Climate change is already affecting crop fields around the world, particularly in Western parts of the US most recently due to a devastating series of fires.
“It’s just one of the things we’re going to deal with,” says Roger Johnson. “All the available scientific evidence surrounding climate change has been saying for years that we are likely to see more and more of these catastrophic events. I’m not here to say that these fires are absolutely the result of climate change, but it is highly likely that there are more fires, more intense, fed by more dry fuel – all of which is exacerbated by the continuing increase in the amount of carbon and other greenhouse gases that are going into our atmosphere.”
US farmers are responding to such threats with strong adaptation, which “continues whether farmers think it’s a result of climate change or not, and in a fairly dramatic fashion,” says Roger Johnson. “Farmers use different kinds of technologies […] and we are continuing to learn more about how to manage agriculture, and farmers are adapting pretty rapidly to that.
“But that is not to suggest we should do anything to try to slow down the change that is occurring in the climate as well. I think it’s a mixture of both: adapting and mitigating those impacts that we need to be employing.”
Policymakers must then “send the right signals so that farmers will continue to do the kind of things that are good for society, besides being good for their economic bottom line”, of which Roger Johnson pinpoints carbon cap-and-trade legislation.
LOW CARBON FUTURE
“At the end of the day, anyone who is farming for a living is going to make a living. Right now we are looking at very low commodity prices and many farmers are struggling financially because the commodity prices have dropped so low that they are below the cost production. We have to have a system that is economically, socially and environmentally sustainable.

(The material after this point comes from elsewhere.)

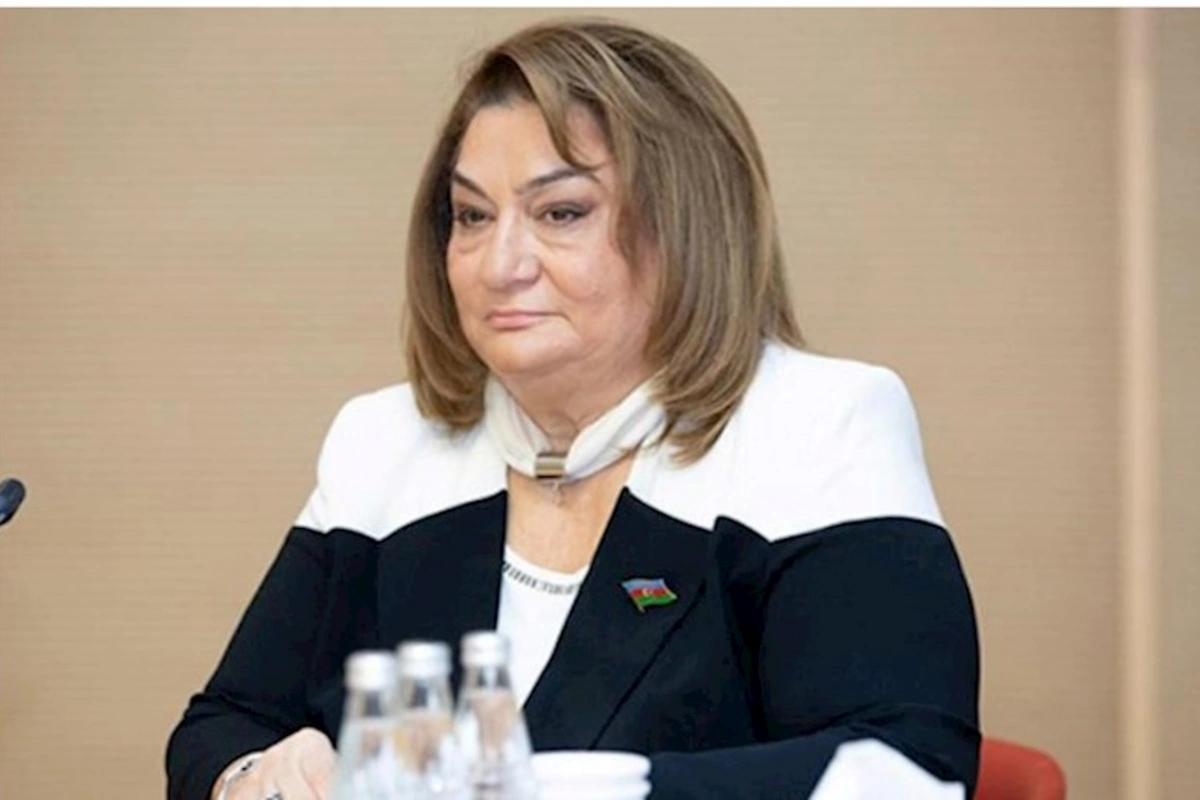 Komitə sədri: “Suyun şırhaşır axması ona maddi problem yaratsaydı, açıq saxlamazdı”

We’re going to have a balance.”
A balance that can hopefully been reached at the important COP21 climate negotiations in Paris later this year?

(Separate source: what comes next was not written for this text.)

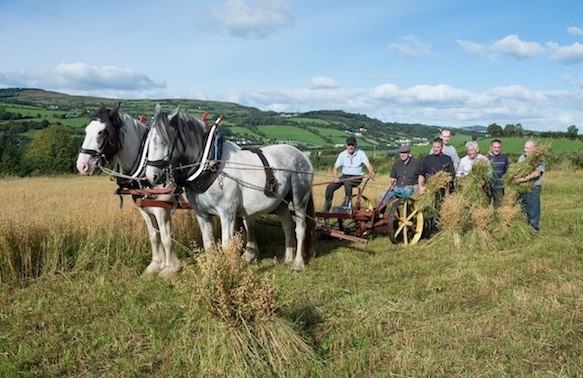Frank Butler with Martin Mullin as they cut Corn with Cobs, Tom and Charlie at Ballyconnolly, Letterkenny assisted by Harry Friel, Geoffrey Mullin, John Crossan, Denis Friel and George Black. Photo- Clive Wasson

“It is important for anyone in this globe, not just farmers,” he says. “We must deal in a very dramatic way with greenhouse gas emissions, and there should be a role for absolutely anyone to play in reducing those emissions.
Roger Johnson concludes with a message to the world leaders: “We need to deal with this problem. It is the problem that this generation faces, it’s probably the largest problem the world faces right now. It needs serious people to sit down and propose, develop and implement serious solutions to it.”